▶ _Supplied records_
+ + + +
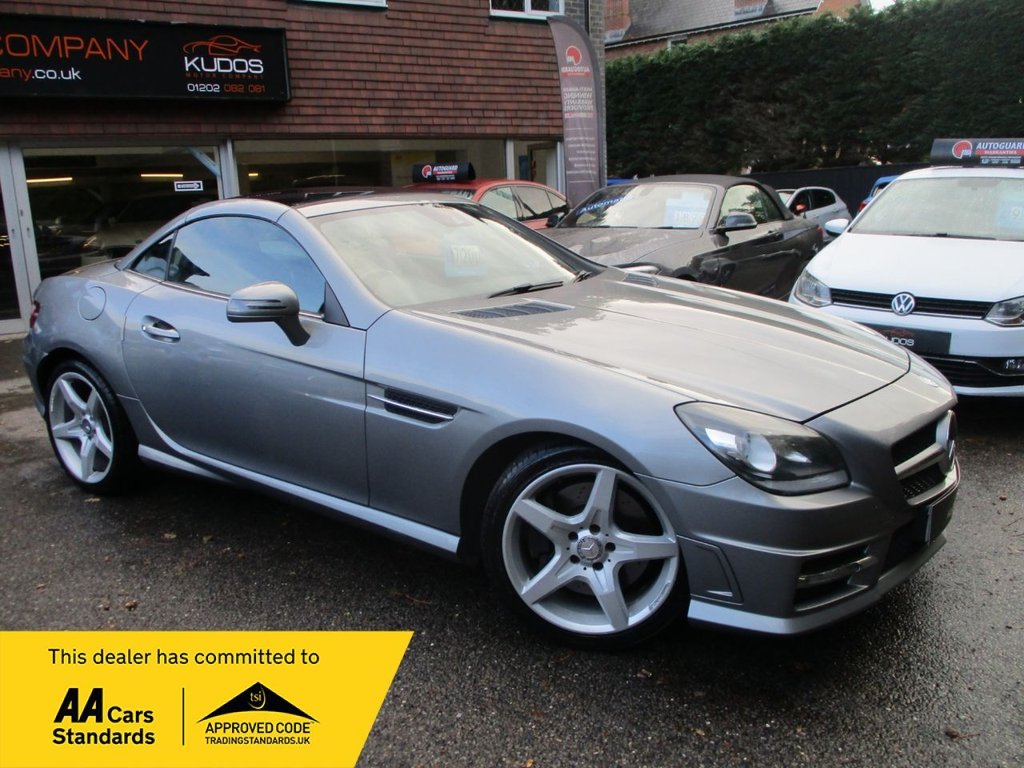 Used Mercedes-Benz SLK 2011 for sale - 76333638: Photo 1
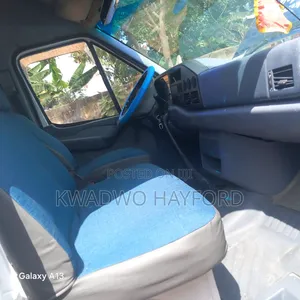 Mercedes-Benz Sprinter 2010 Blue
+ + + +
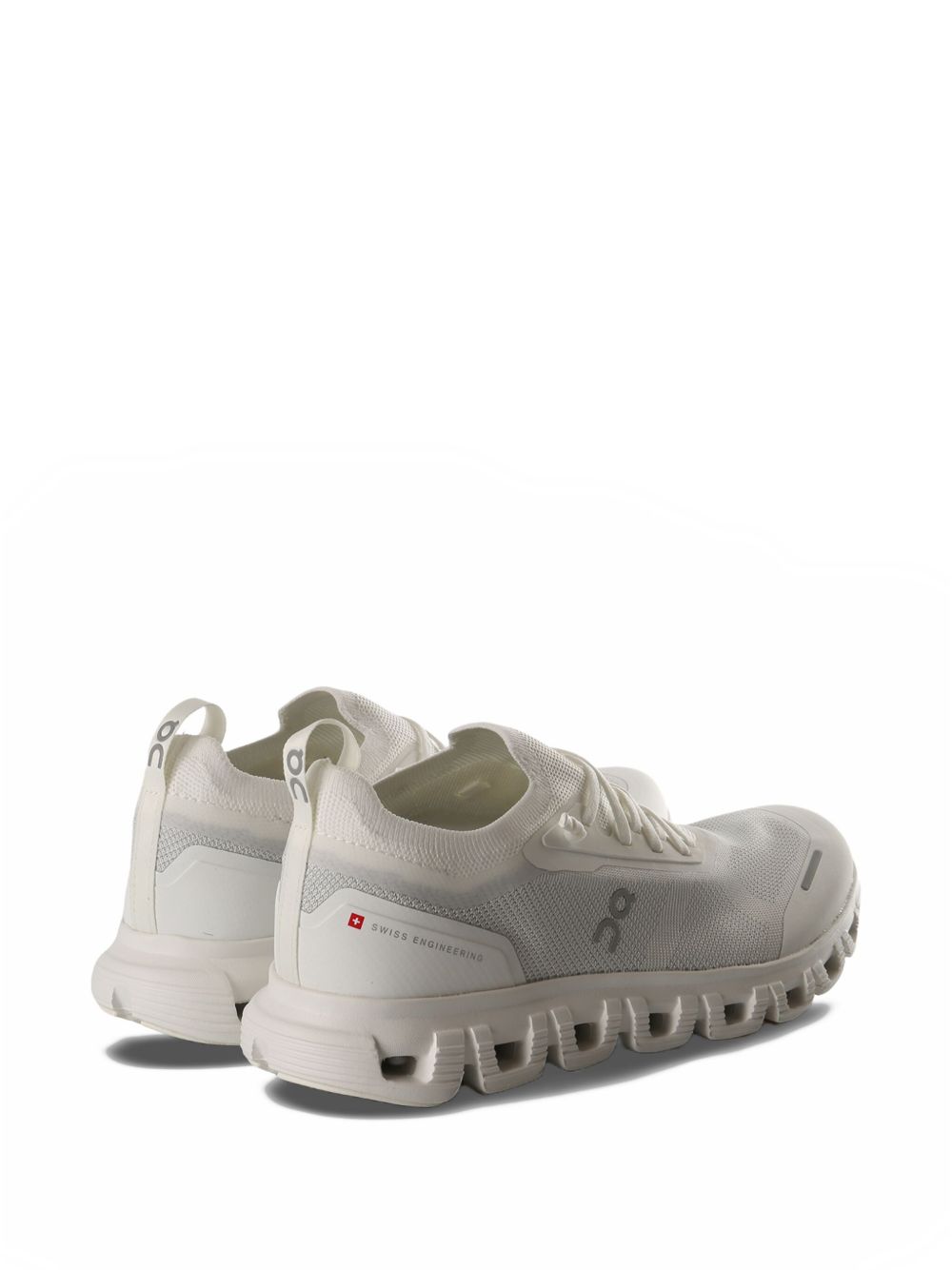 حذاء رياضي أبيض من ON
+ + + +
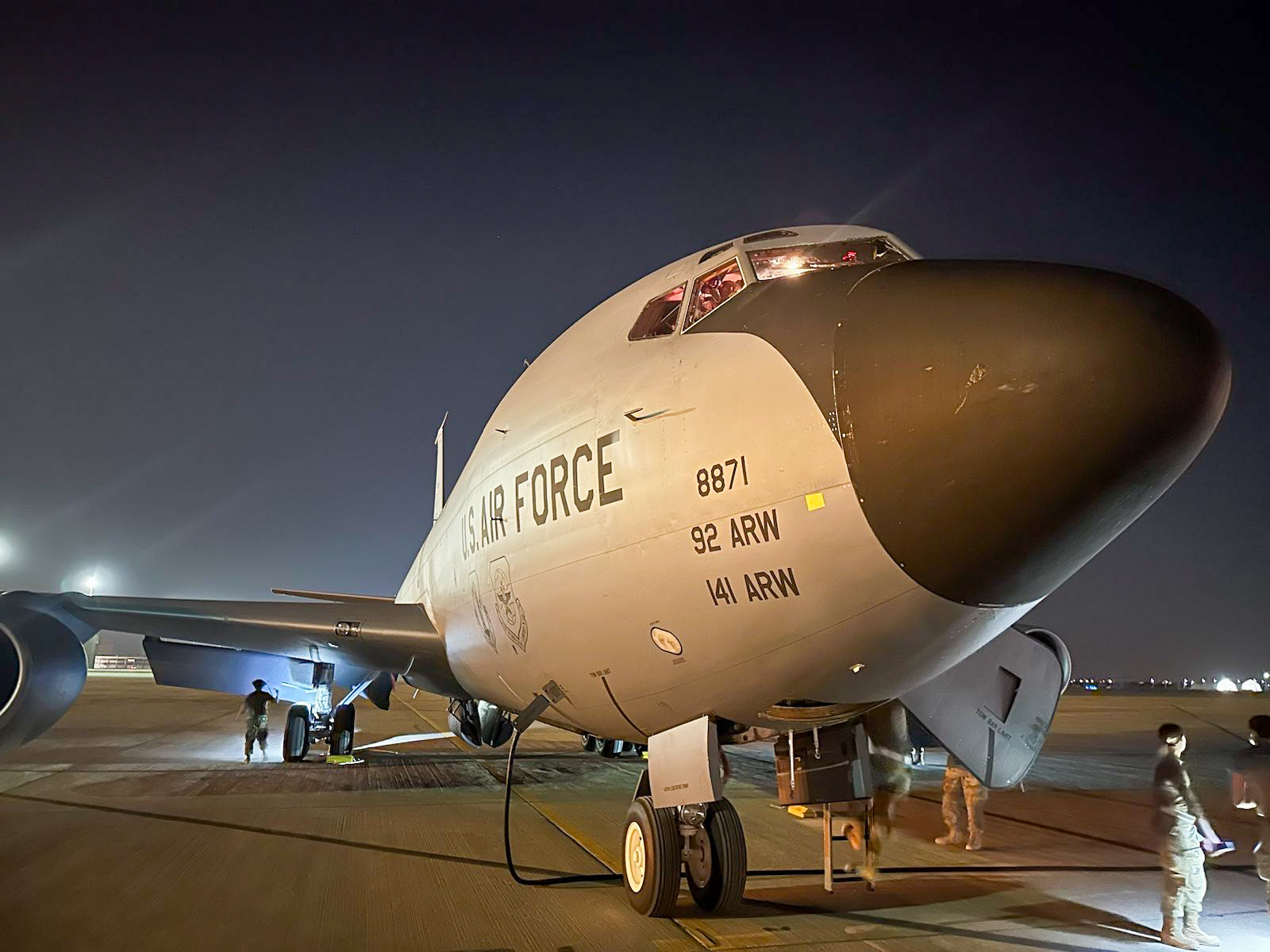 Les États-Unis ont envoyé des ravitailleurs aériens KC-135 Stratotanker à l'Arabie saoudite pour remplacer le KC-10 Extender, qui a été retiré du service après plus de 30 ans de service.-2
+ + + +
▶ _Exercise details_
When copying from the data above, begin at the line containing "Used Mercedes-Benz SLK" and end at the line containing "Mercedes-Benz Sprinter 2010 Blue"; return those lines exactly and leave all pictures behind.

▶ _Answer below_
 Used Mercedes-Benz SLK 2011 for sale - 76333638: Photo 1
 Mercedes-Benz Sprinter 2010 Blue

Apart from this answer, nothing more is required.